# Bunny Baby Gate Ideas for a high jumper



## tltjohnston (Oct 10, 2013)

I have a one year old mini rex. My house is mostly bunny proof but I do sometimes have things out I don't want him getting into (Charging cables for my tablet and ps3 controler) that I can't keep out of his reach when I am using them. I love my little bunny but he is the most distructive, clumsy, rebelious, bunny I have ever had. To make things worse he is in love with my cat who hates him. My puppy also likes to play with him. They mostly play nice but when the bunny is done the puppy wont stop. As a result he spends most of his time locked in his cage. I hate locking him up all the time as I know how much he loves to run and jump. I tried putting up a baby gate so that he can be loose full time in the kitchen without bothering the cat or getting bothered by the puppy but he just jumps it. I now have two baby gates up, one on top of the other. He can't jump them both at nearly 5ft but it is just not practical. I have considered putting in a door to the kitchen but can't afford it right now and I am not convinced he cant jump a "tall" baby gate. Do you have any suggestions for a permenent solution that wont be teribly expencive.


----------



## middlemuse (Oct 10, 2013)

Oh oh, I solved this problem! Aria was jumping the baby gate that kept her out of the hall.

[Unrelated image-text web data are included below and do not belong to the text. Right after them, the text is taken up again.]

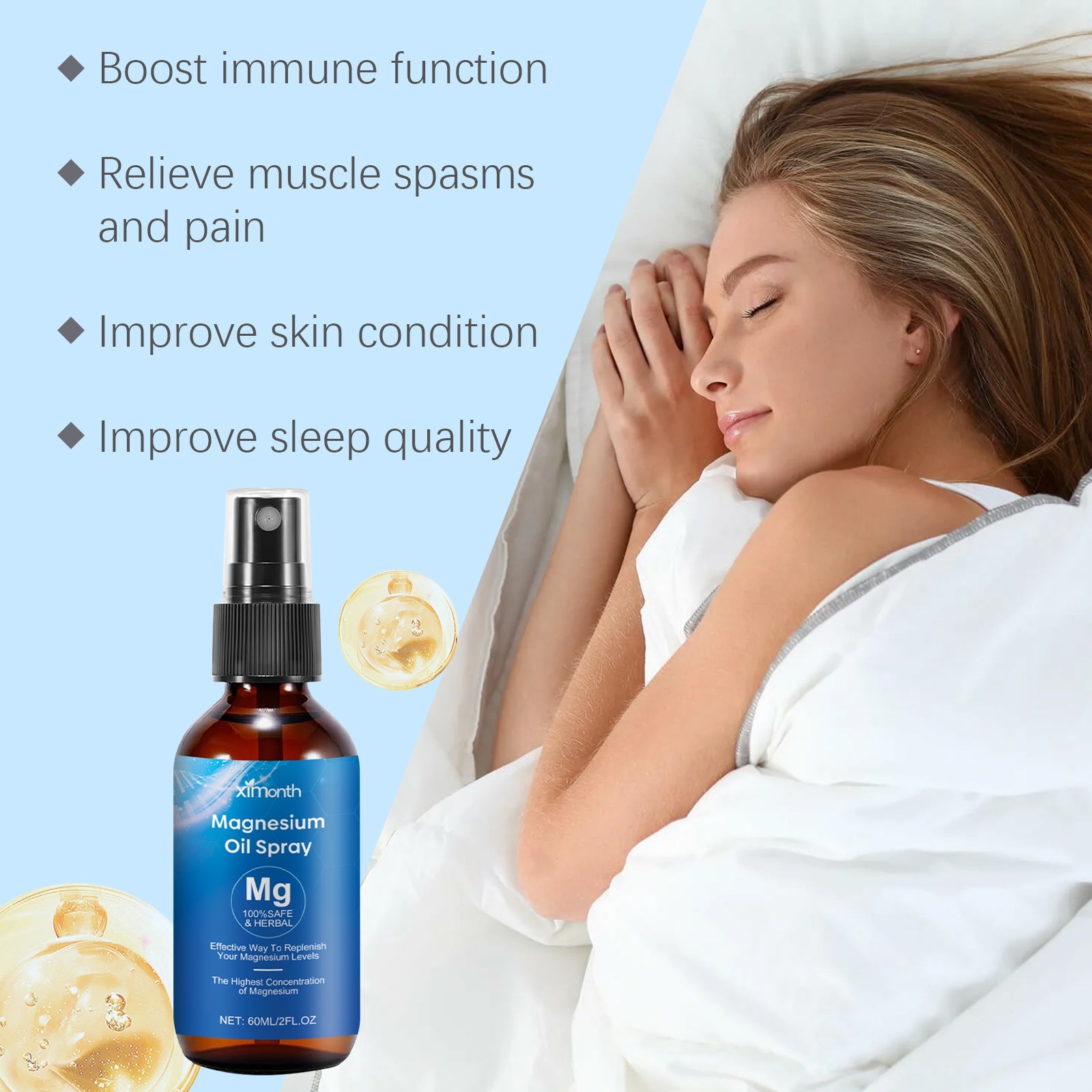 Woman sleeping contentedly on white pillow with product bottle and golden droplet illustrations; checklist of benefits displayed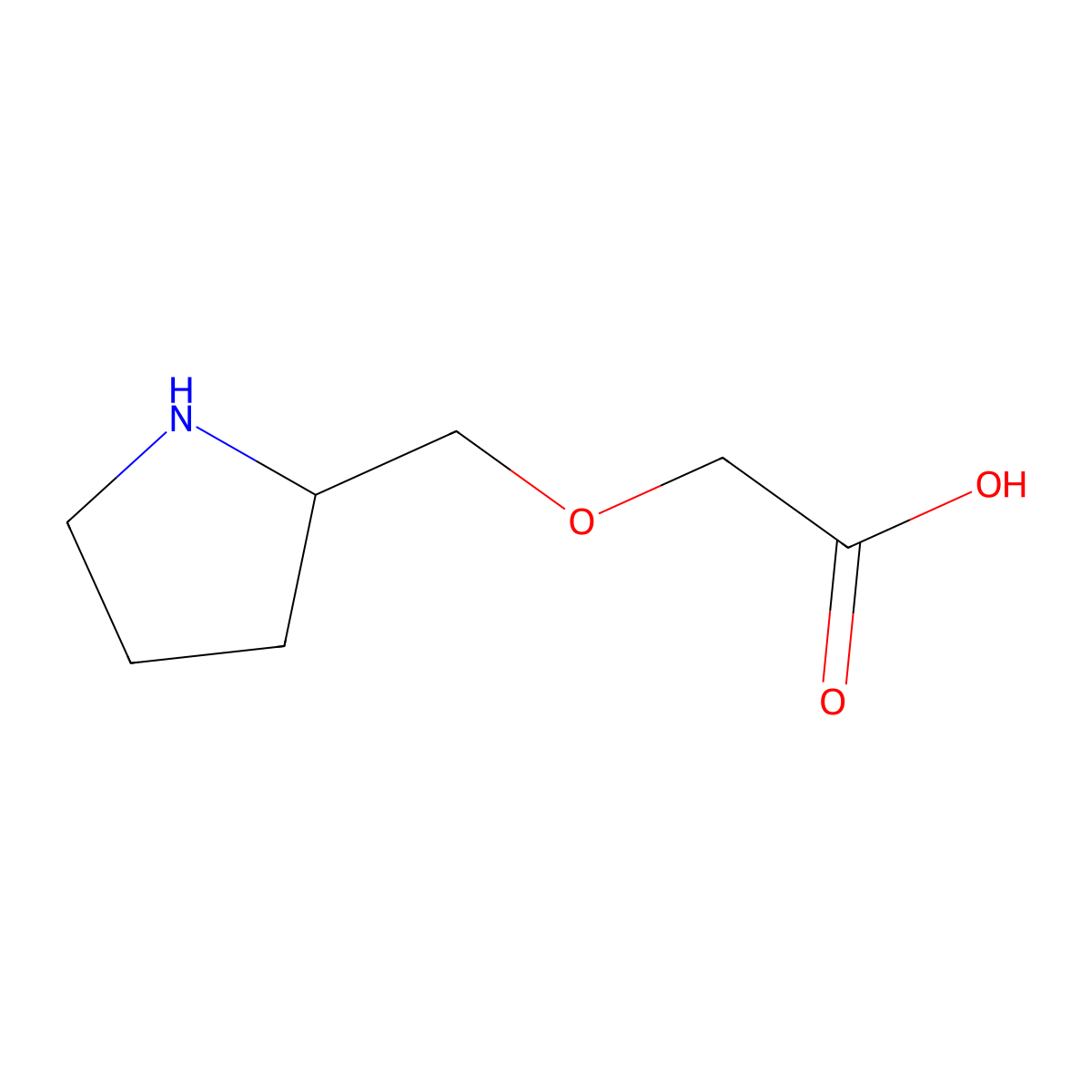 (2-Pyrrolidinylmethoxy)acetic acid molecular structure, CAS 1330756-21-2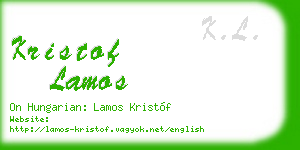 kristof lamos business card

I took storage cube grids and made a gate that hinges like a door. The principle is that if you overlap the grids by one square, they'll be rigid, and if you don't, they'll bend. So my gate has a configuration like this:



We prop it up against the baby gate, and swing the wide part out like a door.

I hope that's clear. I'm at work but I'll try to get a picture of the actual gate when I go home.


----------



## tltjohnston (Oct 10, 2013)

wow! genious! I love It. I have seen people use them to build cages before but never thought of using it for a gate! Do you still use a baby gate with it and just use it as a tall extension or do you use it as the gate itself? I could even add a "bunny door" on the bottom that flips up to open when he is allowed out and could lock to keep him in. That way he could get through but the puppy and baby can't. :biggrin2:


----------



## missyscove (Oct 10, 2013)

I recently purchased this gate for the door into my bedroom to keep my roommate's cats out. Unfortunately the bar spacing was wide enough so they could fit through, but I added some NIC grids to it which remedied that situation. I like it because it has the human door that can swing open. It's really tall, but I suspect some really determined buns could still jump it.

http://www.amazon.com/gp/product/B001OC5UNA/?tag=skimlinks_replacement-20


----------



## middlemuse (Oct 11, 2013)

We use it in conjunction with a baby gate because there's no other easy way to get it to stand up. We're renters, so we can't attach it permanently, but if we owned the place I would use those U shaped nails to tack one side to the wall and maybe nail a strip of wood to the other side to keep it from swinging inward. You can see how you can adjust the width by overlapping the grids more.




Aria actually is capable of jumping over something that high, but only under duress, and she's never tried it with the gate.


----------



## Nancy McClelland (Oct 11, 2013)

We put up a semi-circle from a playpen grid in front of the gate--we can still step over but the bunnies can't get a run at the baby gate so it keeps them corralled in the bunny room. Tile or linoleum by the gate also gives them poor footing so they can't clear a gate also.


----------